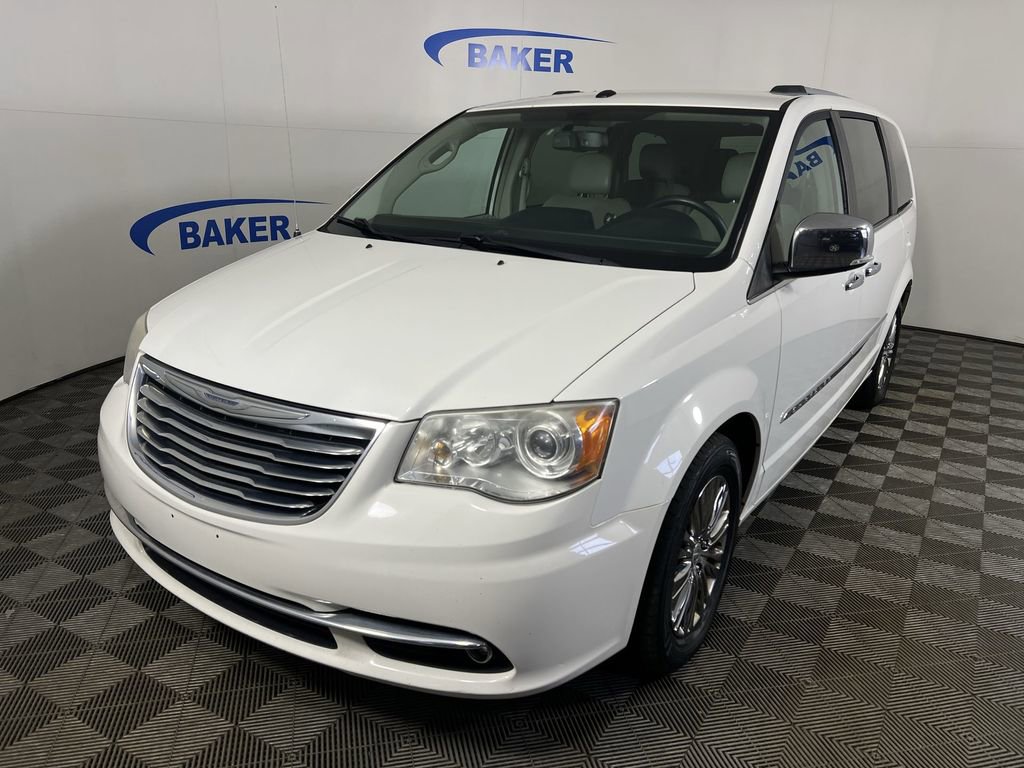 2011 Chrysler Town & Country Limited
==
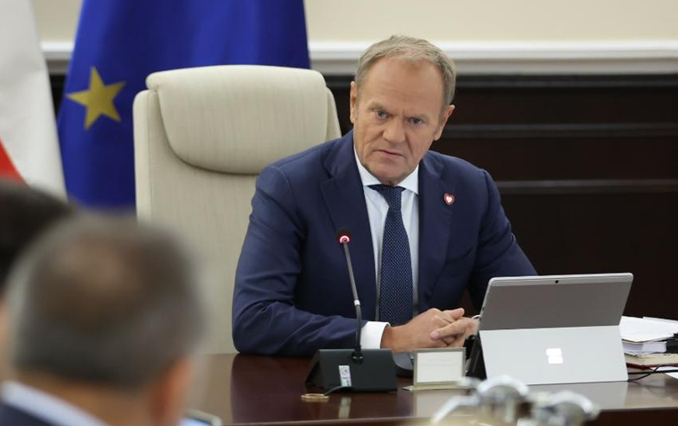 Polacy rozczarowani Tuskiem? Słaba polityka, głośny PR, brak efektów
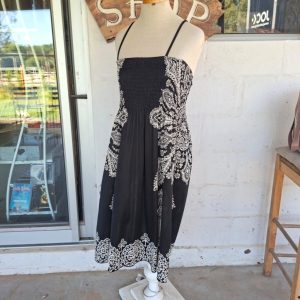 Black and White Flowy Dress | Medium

* [The task] With the pictures omitted, print the lines above exactly, beginning at the line with "Polacy rozczarowani Tuskiem?" and going on through the line with "Black and White Flowy Dress | Medium".

* [Reply]
 Polacy rozczarowani Tuskiem? Słaba polityka, głośny PR, brak efektów
 Black and White Flowy Dress | Medium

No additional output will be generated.